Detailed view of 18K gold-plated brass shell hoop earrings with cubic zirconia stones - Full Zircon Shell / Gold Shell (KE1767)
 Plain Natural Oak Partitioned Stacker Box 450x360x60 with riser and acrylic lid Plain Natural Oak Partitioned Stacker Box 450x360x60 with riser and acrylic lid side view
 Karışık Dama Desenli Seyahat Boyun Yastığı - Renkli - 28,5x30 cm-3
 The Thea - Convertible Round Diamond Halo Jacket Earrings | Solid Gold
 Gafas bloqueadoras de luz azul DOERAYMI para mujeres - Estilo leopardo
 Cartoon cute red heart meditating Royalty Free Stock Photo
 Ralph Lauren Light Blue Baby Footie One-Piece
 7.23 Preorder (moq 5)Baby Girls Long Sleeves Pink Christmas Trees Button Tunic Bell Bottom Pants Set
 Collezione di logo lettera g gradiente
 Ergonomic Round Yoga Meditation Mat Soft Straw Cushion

_____

» **ASSIGNED TASK**
Every entry above should be returned exactly as written.

» **PROBLEM SOLUTION**
Detailed view of 18K gold-plated brass shell hoop earrings with cubic zirconia stones - Full Zircon Shell / Gold Shell (KE1767)
 Plain Natural Oak Partitioned Stacker Box 450x360x60 with riser and acrylic lid Plain Natural Oak Partitioned Stacker Box 450x360x60 with riser and acrylic lid side view
 Karışık Dama Desenli Seyahat Boyun Yastığı - Renkli - 28,5x30 cm-3
 The Thea - Convertible Round Diamond Halo Jacket Earrings | Solid Gold
 Gafas bloqueadoras de luz azul DOERAYMI para mujeres - Estilo leopardo
 Cartoon cute red heart meditating Royalty Free Stock Photo
 Ralph Lauren Light Blue Baby Footie One-Piece
 7.23 Preorder (moq 5)Baby Girls Long Sleeves Pink Christmas Trees Button Tunic Bell Bottom Pants Set
 Collezione di logo lettera g gradiente
 Ergonomic Round Yoga Meditation Mat Soft Straw Cushion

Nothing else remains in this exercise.